§ WORK INSTRUCTIONS
Each entry below is to be printed verbatim.

§ DATA PROVIDED
=== Begin Enclosure ===

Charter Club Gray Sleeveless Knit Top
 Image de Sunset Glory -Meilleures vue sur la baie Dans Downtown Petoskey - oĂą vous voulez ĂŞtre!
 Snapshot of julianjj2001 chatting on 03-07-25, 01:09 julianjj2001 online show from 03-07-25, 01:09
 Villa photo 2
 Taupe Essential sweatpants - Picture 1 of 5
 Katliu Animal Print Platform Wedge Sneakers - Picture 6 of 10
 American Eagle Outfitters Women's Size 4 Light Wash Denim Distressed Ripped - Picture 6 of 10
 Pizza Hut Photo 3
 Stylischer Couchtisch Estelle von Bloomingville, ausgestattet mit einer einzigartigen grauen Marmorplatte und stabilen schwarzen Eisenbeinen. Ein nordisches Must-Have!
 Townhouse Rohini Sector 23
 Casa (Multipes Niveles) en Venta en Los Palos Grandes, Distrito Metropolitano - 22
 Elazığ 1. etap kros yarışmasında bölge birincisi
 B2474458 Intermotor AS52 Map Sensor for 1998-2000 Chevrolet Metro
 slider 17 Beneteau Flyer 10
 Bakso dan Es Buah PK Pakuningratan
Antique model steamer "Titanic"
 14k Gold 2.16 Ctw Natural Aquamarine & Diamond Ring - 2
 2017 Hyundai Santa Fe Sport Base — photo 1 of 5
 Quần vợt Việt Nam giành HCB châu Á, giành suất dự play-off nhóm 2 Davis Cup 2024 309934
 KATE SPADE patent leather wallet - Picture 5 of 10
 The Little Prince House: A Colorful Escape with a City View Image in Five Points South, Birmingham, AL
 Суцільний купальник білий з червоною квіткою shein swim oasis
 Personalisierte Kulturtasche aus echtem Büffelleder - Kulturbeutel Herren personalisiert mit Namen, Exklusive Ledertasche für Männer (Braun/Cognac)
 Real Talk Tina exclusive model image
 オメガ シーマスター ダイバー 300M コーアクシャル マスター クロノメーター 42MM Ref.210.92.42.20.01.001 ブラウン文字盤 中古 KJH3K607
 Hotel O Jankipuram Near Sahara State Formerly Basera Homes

=== End Enclosure ===

§ TASK OUTPUT
Charter Club Gray Sleeveless Knit Top
 Image de Sunset Glory -Meilleures vue sur la baie Dans Downtown Petoskey - oĂą vous voulez ĂŞtre!
 Snapshot of julianjj2001 chatting on 03-07-25, 01:09 julianjj2001 online show from 03-07-25, 01:09
 Villa photo 2
 Taupe Essential sweatpants - Picture 1 of 5
 Katliu Animal Print Platform Wedge Sneakers - Picture 6 of 10
 American Eagle Outfitters Women's Size 4 Light Wash Denim Distressed Ripped - Picture 6 of 10
 Pizza Hut Photo 3
 Stylischer Couchtisch Estelle von Bloomingville, ausgestattet mit einer einzigartigen grauen Marmorplatte und stabilen schwarzen Eisenbeinen. Ein nordisches Must-Have!
 Townhouse Rohini Sector 23
 Casa (Multipes Niveles) en Venta en Los Palos Grandes, Distrito Metropolitano - 22
 Elazığ 1. etap kros yarışmasında bölge birincisi
 B2474458 Intermotor AS52 Map Sensor for 1998-2000 Chevrolet Metro
 slider 17 Beneteau Flyer 10
 Bakso dan Es Buah PK Pakuningratan
Antique model steamer "Titanic"
 14k Gold 2.16 Ctw Natural Aquamarine & Diamond Ring - 2
 2017 Hyundai Santa Fe Sport Base — photo 1 of 5
 Quần vợt Việt Nam giành HCB châu Á, giành suất dự play-off nhóm 2 Davis Cup 2024 309934
 KATE SPADE patent leather wallet - Picture 5 of 10
 The Little Prince House: A Colorful Escape with a City View Image in Five Points South, Birmingham, AL
 Суцільний купальник білий з червоною квіткою shein swim oasis
 Personalisierte Kulturtasche aus echtem Büffelleder - Kulturbeutel Herren personalisiert mit Namen, Exklusive Ledertasche für Männer (Braun/Cognac)
 Real Talk Tina exclusive model image
 オメガ シーマスター ダイバー 300M コーアクシャル マスター クロノメーター 42MM Ref.210.92.42.20.01.001 ブラウン文字盤 中古 KJH3K607
 Hotel O Jankipuram Near Sahara State Formerly Basera Homes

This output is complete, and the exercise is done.